プラザキサの市販開始から1年が経過し長期処方が許されるようになりました。また、リバロキサバン(イグザレルト)の市販も始まりました。以前のブログにも書いたように当院では両薬剤ともまだ処方を開始したことはありません。しかしいつかは処方を始めることもあるでしょうからこの10日間は当院に通院している心房細動患者さんのデータを整理していたのです。
2012年3月に当院に受診された心房細動患者さんの内服内容やPT-INR値、eGFR値をまとめました。
全心房細動患者数は290人でした。うち慢性心房細動は133人、paroxysmalもpersistentも含んだ発作性心房細動は157人でした。慢性心房細動患者133人中130人(97.7%)の方がワーファリンを内服しており、PT-INRが1.6-3.0の範囲内であった方は75.9%でした。内服していない方は高齢に加えて他の出血のリスクも合併していた3人のみでした。発作性心房細動患者157人のうちワーファリンを内服している方は116人(73.9%)でした。ほとんど発作がない、左房径も小さい、CHADS2が0点など塞栓症のリスクが低い方と、逆に出血のリスクが高い方が内服していませんでした。それでも内服率は73.9%でしたし、内服している方の至適INR達成率は77.6%でした。

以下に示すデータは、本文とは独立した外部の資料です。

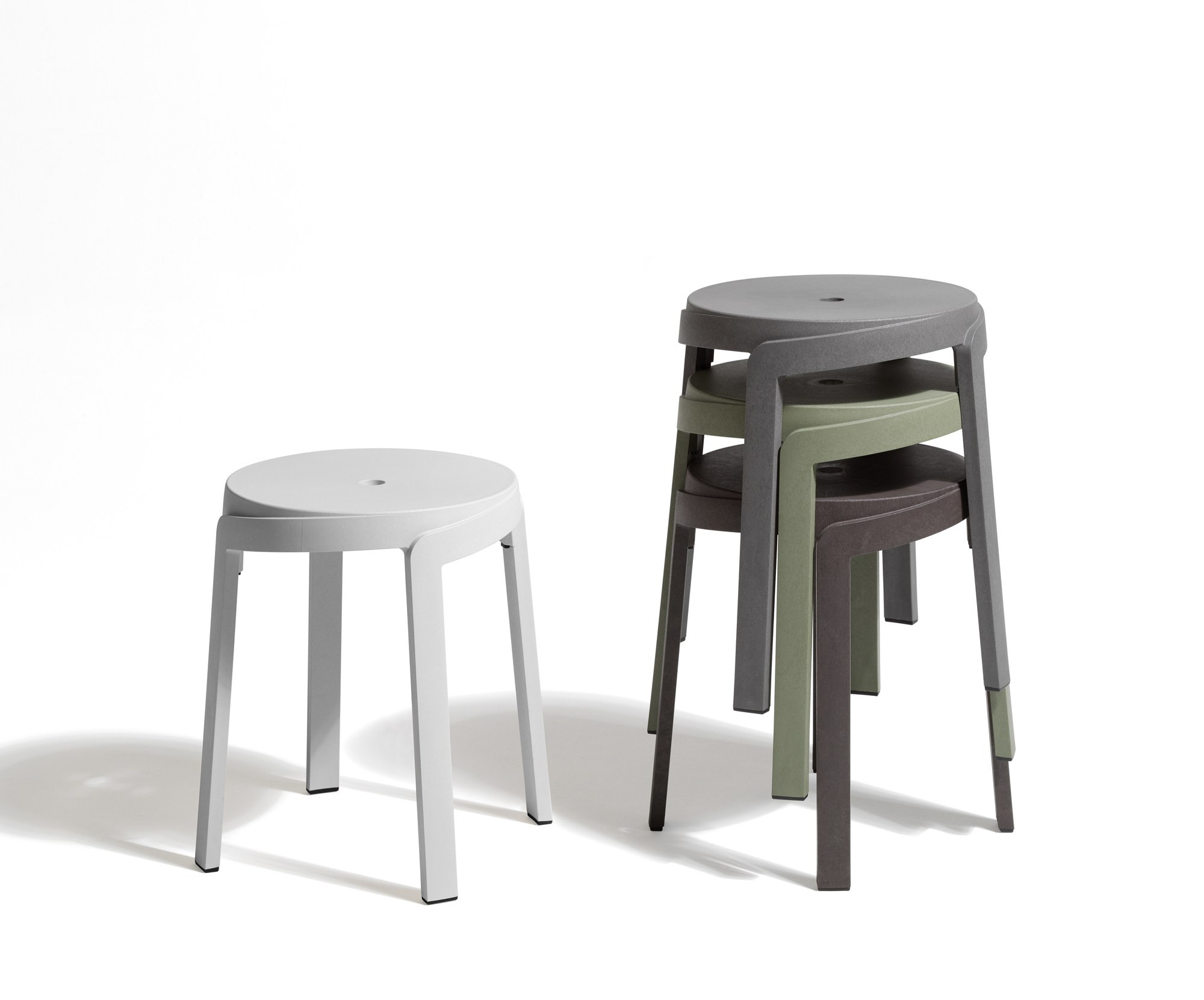 Tabourets Stack Mini gesso et terra empilés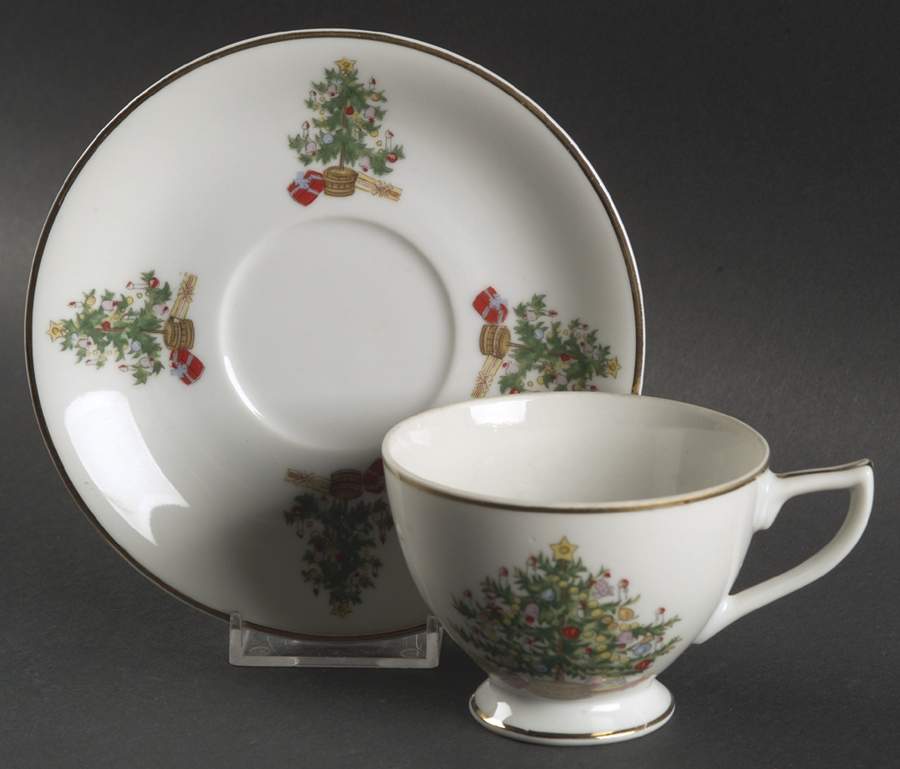 Christmas Tree Footed Cup & Saucer Set by Lefton-1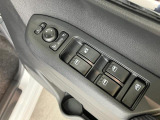 延長保証につきましてはお求めいただく車両によって保証料が異なりますので、当店スタッフまでお気軽にお問い合わせくださいませ。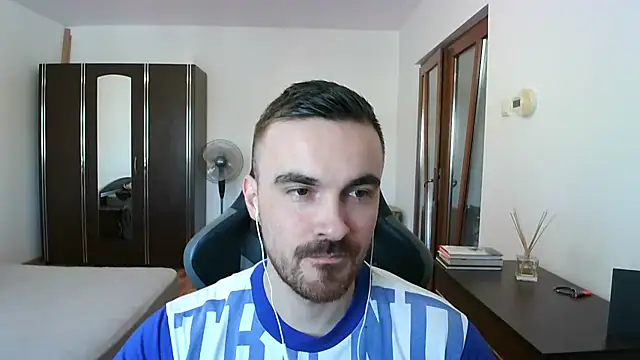 Snapshot of mu5clemania2 chatting on March 2026 02:01:01 PM mu5clemania2 online show from March 2026 02:01:01 PM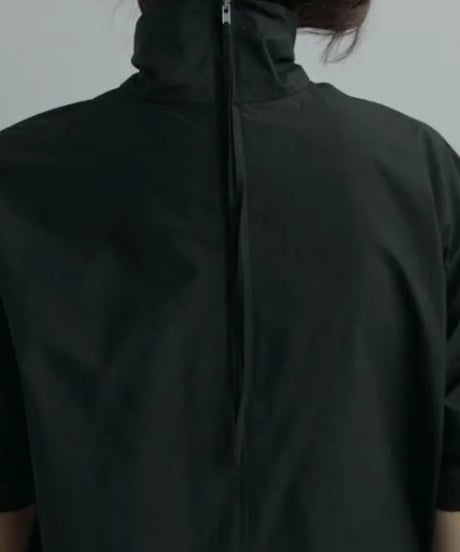 anuke アンヌーク Highneck Over Blouse Highneck Over Blouse 62520425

食事制限や併用薬剤に制限があり、また、頻回にPT-INRを測定しなければならないワーファリンにはアドヒアランスの問題があり、内服率が60%程度だと言われたり、至適INR達成率が60%程度しかないなどとよく言われてきました。このため、より制限が少なく、頻回の採血も不要な新規抗凝固薬の方がアドヒアランスが向上すると言われ、新規の市販の原動力になったと理解していました。しかし、当院のデータでは、慢性心房細動患者の97.7%がワーファリンを内服し、75.9%の方が至適INRを達成していました。当院のデータを見る限りワーファリンのアドヒアランスは低くないと言えます。
一方、ダビガトランの慎重投与が勧められている70歳以上、eGFR: 50未満、抗血小板剤の内服中の方を除外すると全慢性心房細動患者133人中、いづれにも該当しない方は27人(20.3%)のみでした。アドヒアランスはダビガトランの方がむしろ低いと言えます。自施設のデータを整理して正解でした。2剤の優劣を比較するRCTで出てくるデータと、リアルワールドで見ている患者に実際に適応できるかという議論には差があるのは当然ですが、RCTで議論になっていないアドヒアランスにまで議論を拡大するのは無理があったようです。
この結果からダビガトランを全否定するつもりはもちろんありません。Re-ly試験で示されたワーファリンに対する優位性が現実になるように、どのような方にどのような容量で投与するのが適切なのかを、よく考えたいと思います。データは手元にありますから多方向から検証してゆくつもりです。